A new survey suggests that DVD piracy is on the increase in the UK. Armed with a wheelbarrow of scepticism, we bring you the results from an analysis conducted by Futuresource Consulting: 36% of Brits (who responded to the survey) have copied DVDs within the last six months compared to 25% last year. In that time, an average of 22 movies were copied, including 13 new releases, and a “significant portion” of people were copying from rental and borrowed DVDs.
Here’s the kicker though: 63% of respondents admit they would have purchased (some) proper retail DVDs if they hadn’t been able to copy. Shocking, eh? That distant mewling sound is thousands of outraged content providers birthing kittens like they’re flakes of dandruff.
However, our alarm bells are ringing all over this one, not least because whenever a consulting company comes up with these figures it is usually in its very best interest to say that piracy is killing the entertainment industry.
First of all, it is interesting that Futuresource has been avoided measuring the more appealing source of piracy – Peer-to-peer filesharing. I believe that if Hollywood is ever to wake up and realise that trying to stem the piracy tide via lawsuits is doomed to failure, and that the role of disc rental is going to continue to be of huge importance to that effort. The results of this analysis look worryingly like scaremongering and risk painting legitimate disc rental services in a bad light.
Quoting from the survey itself (PDF): “In the last 6 months, what % of respondents have made copies of DVDs?” Answer: 36%.
Let’s not forget that the creation of backups of your own DVDs is an extremely grey area at the best of times, and though I believe it is technical still illegal in the UK, it is widely used for entirely personal reasons and by no means for the illegal distribution and sale of content. Incidentally, in the US a fair-use clause protects those who want to make backups.

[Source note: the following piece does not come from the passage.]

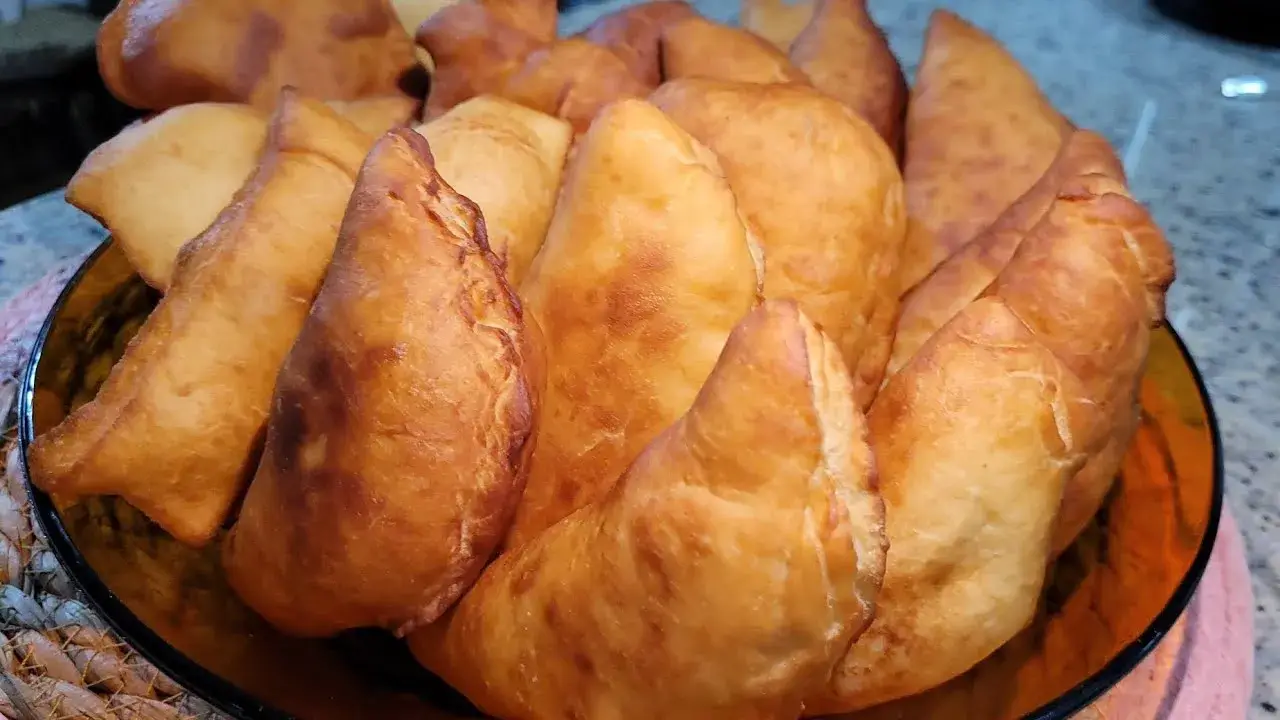 Bolinho de Vento Recheado: Uma Delícia Leve e Crocante para Seu Lanche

So, a good proportion of that 36% of respondents could well be protecting themselves against damage to their very own discs.

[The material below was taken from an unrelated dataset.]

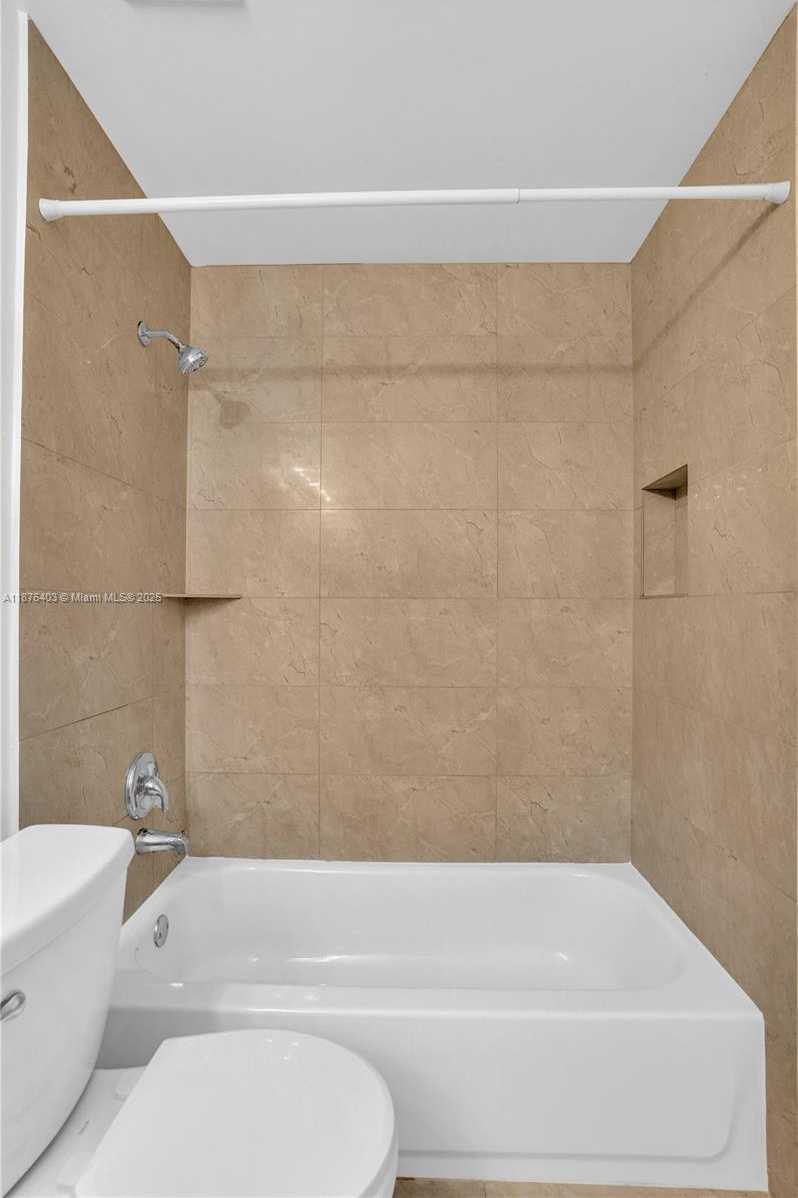 Small Image of 1210 SORRENTO DR #1210, Weston Number 24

In fact, the report even says as much: “The majority of people are copying from their own purchased DVDs”. However, as mention earlier, it also notes that “a significant proportion of people are copying from rented and borrowed titles.”
Fair enough. Clearly one of the major risks when it comes to DVD rental services is that you could happily copy everything you get sent and build up an enormous collection in no time flat. However, it does go back to the now rather weary argument that ‘you wouldn’t have bought it anyway’. Yeah, it’s an old one, but I think it’s still relevant in this case. No, you wouldn’t have actually bought all that stuff if you didn’t copy it. You probably couldn’t even afford to.
However, the survey also observes “If [copiers] had not been able to make copies of DVDs, 63% of respondents in the UK would have purchased all, some or at least a few of the titles; clearly indicating the scale of the lost revenues to the home video industry from home copying.”
I’m particularly interested in the part where it says “had not been able to make copies of DVDs”. Does that mean that if it was just impossible to copy DVDs at all, or if no rental service was available from which to copy? It is a very ambiguous question. Is this survey taking into account the revenue being generated for the content providers by the rental services? I doubt it.
Therefore, this is hardly a clear indication of revenue being lost to this practise. Yes, I’ve no doubt there are people out there stealing when they could easily be buying. But I think there’s a hell of a lot more to lose from demonising legitimate services with, at best, shaky piracy concerns.